Il faut s’attendre à voir fleurir de nouvelles lignes électriques à haute tension en France, a annoncé le patron de RTE, Xavier Piechaczyk, devant les sénateurs. Ces chantiers, indispensables au vu de l’électrification massive des usages, seront-ils aisément acceptés par la population ?

Afin d’atteindre la neutralité carbone d’ici 2050, la France se tourne vers l’électrification : développement de la voiture électrique, électrification du chauffage avec le développement des pompes à chaleur, etc. Dans son « Futurs énergétiques 2050 » actualisé en 2023, le gestionnaire du transport électrique RTE estime que la consommation électrique va augmenter pour atteindre entre 580 et 640 TWh dès 2035 alors que la France consommait 475 TWh en 2019.

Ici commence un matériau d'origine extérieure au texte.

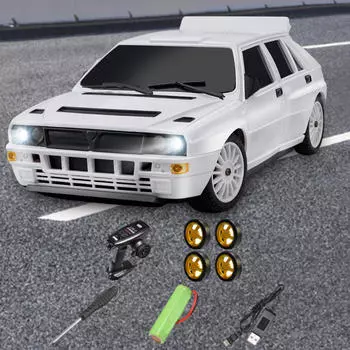 RC Дрифтинг Машина 1:28 Электронные Игрушки Спортивные Для Мальчиков Девочек Детей Малышей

Un réseau électrique vieillissant à moderniser

Pour pouvoir répondre à cette demande croissante en électricité, le réseau doit s’adapter. Or, les lignes de transport françaises sont vieillissantes puisque le réseau a plus de 50 ans. La question de son renouvellement va donc se poser dans les 15 prochaines années, comme l’a indiqué RTE dans son schéma décennal de développement du réseau publié en 2019. Le réseau électrique doit ainsi relever un double défi : celui de son renouvellement pour permettre la pérennité de ses lignes et celui de son développement pour être en mesure de répondre à la nouvelle demande en électricité des consommateurs.

Dans ce contexte, le président de RTE, Xavier Piechaczyk a été auditionné par les sénateurs le 25 octobre 2023 pour recueillir son avis sur le mix électrique de demain. Le patron de RTE a rappelé qu’il fallait s’appuyer sur 4 leviers pour être en mesure de relever le défi de la transition énergétique : la sobriété, l’efficacité, l’énergie nucléaire et les énergies renouvelables. Mais il faudra aussi développer le réseau électrique, en créant par exemple de nouvelles lignes, notamment des lignes à très haute tension (THT) à 400 kV (400 000 volts). Ce sont celles qui sont supportées par les plus hauts pylônes et que l’on aperçoit souvent dans les campagnes.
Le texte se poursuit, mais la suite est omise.